Ulcerative colitis (UC) is a chronic, often debilitating inflammatory bowel disease of the large intestine that is estimated to affect as many as 700,000 individuals in the United States.1 Current systemic therapies for the treatment of UC result in long-term clinical remission rates of below 50% and often lead to side effects, including pronounced immune suppression. Up to one-third or more of patients may require surgery, in which a portion of the colon is removed (colectomy), at some point in their lifetime.2
"UC can pose a significant burden for patients, with chronic pain, diarrhea, weight loss, and fatigue having a profound negative impact on daily life," stated Peter D. R. Higgins, M.D., Ph.D., Director of the Inflammatory Bowel Disease Program at the University of Michigan Health System and a subinvestigator in the Phase 2 study. "Many patients have disease that is refractory to current drug therapies, leading to surgical intervention in almost a third of patients. New solutions are needed, and I believe LYC-30937-EC represents a novel and promising approach to targeted treatment of the colonic inflammation that is the hallmark of UC."
In Lycera's randomized, double-blind, placebo-controlled parallel group Phase 2 study, patients will be randomized on a 1:1 basis to receive either treatment with LYC-30937-EC or placebo. Subjects will be treated for 8 weeks, with an additional 2-week safety follow-up.

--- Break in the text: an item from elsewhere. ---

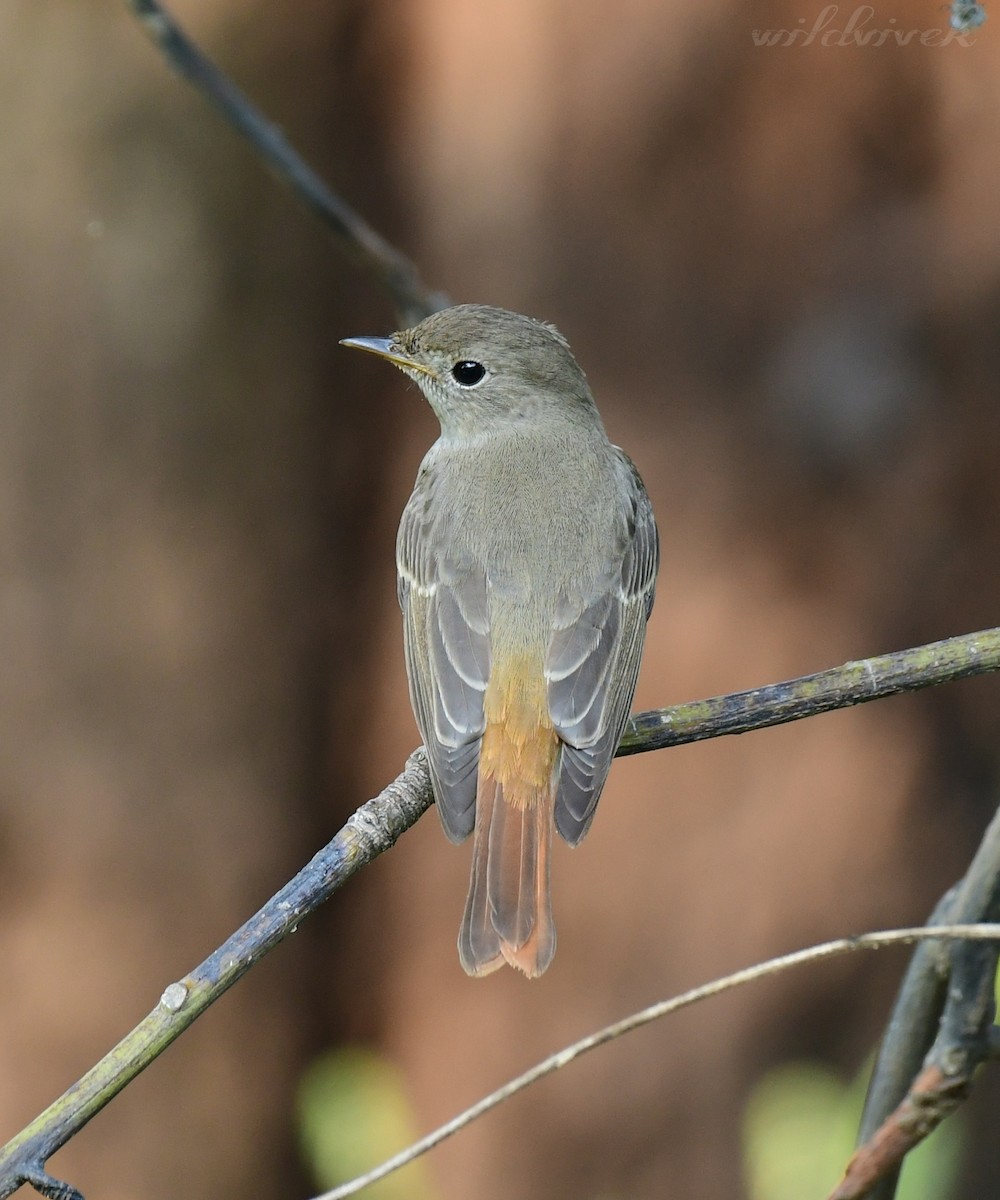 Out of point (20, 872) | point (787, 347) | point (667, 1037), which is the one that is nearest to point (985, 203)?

The primary efficacy endpoint will be the proportion of subjects who achieve clinical remission at Week 8 using a modified Mayo score (MMS), while safety will be measured over 10 weeks. Continuation of treatment will be offered to participants in a separate open label extension study.
LYC-30937, a first-in-class, oral, gut-directed ATPase modulator, is designed to selectively target and induce cell death (apoptosis) in disease-causing immune cells (T-lymphocytes), while sparing normal cells. Chronically activated, pathogenic T-lymphocytes have unique metabolic features, allowing these cells to be targeted selectively by LYC-30937. Based on preclinical studies, LYC-30937 has therapeutic potential in inflammatory bowel diseases such as ulcerative colitis as well as in other autoimmune diseases. Combined with the ability to localize drug delivery to the GI tract, LYC-30937-EC has the potential to avoid global immune suppression and other side effects associated with drugs currently administered systemically to treat inflammatory bowel disease, including UC and Crohn's disease.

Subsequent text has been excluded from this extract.